Puasa yang demikian inilah mengantarkan seseorang untuk meraih keutamaan Allah SWT. Sebagaimana disabdakan Nabi, "Likulli hasanatin bi’asyri iamtsalihim sab’u miah dhi’fun illas shaum, fainnahu li wa ana ajzi bihi" (Setiap amal kebajikan dibalas dengan 10 sampai 700 pahala, kecuali puasa “untuk-Ku dan Aku sendiri yang akan membalasnya” -dengan mengutip kata Tuhan).

 

Puasa adalah ibadah paling istimewa karena satu-satunya ibadah yang akan dibalas langsung oleh Allah SWT hanya ibadah puasa. Pahalanya pun tidak menggunakan rumus biasa, tetapi Allah SWT yang akan mengukurnya.

Keutamaan ibadah puasa ini juga disebutkan dalam hadis: Likulli syai’in babun wa babul ‘ibadah al-shiyam (Segala sesuatu mempunyai pintu dan pintu ibadah ialah puasa).

Banyak lagi ayat dan hadis yang mengistimewakan puasa di atas ibadah-ibadah lainnya, sebagaimana sering kita baca dan dengar.

Puasa ahli tarekat betul-betul mensterilkan diri dari sentuhan segala sesuatu yang bersifat syubhat apalagi haram. Membebaskan nafsu dari syahwat dan membersihkan amal ibadah dari kecenderungan riya, dan menghindarkan diri dari berbagai ujub dan pujian.

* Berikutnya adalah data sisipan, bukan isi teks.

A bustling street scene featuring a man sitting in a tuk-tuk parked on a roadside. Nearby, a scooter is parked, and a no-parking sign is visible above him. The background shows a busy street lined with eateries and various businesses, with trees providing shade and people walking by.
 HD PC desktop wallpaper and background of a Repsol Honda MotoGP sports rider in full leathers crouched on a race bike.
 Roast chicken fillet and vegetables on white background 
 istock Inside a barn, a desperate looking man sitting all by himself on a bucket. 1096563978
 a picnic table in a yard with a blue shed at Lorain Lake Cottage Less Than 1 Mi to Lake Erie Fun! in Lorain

Puasa yang demikian ini diharapkan bukan hanya mengantarkan orang untuk menggapai ketakwaan seperti janji Allah SWT: La’allakum tattqun (QS al-Baqarah[2]:183), tetapi juga menemui Allah (liqa’ Allah) sebagaimana disebutkan di dalam Alquran surah al-Kahfi ayat 110.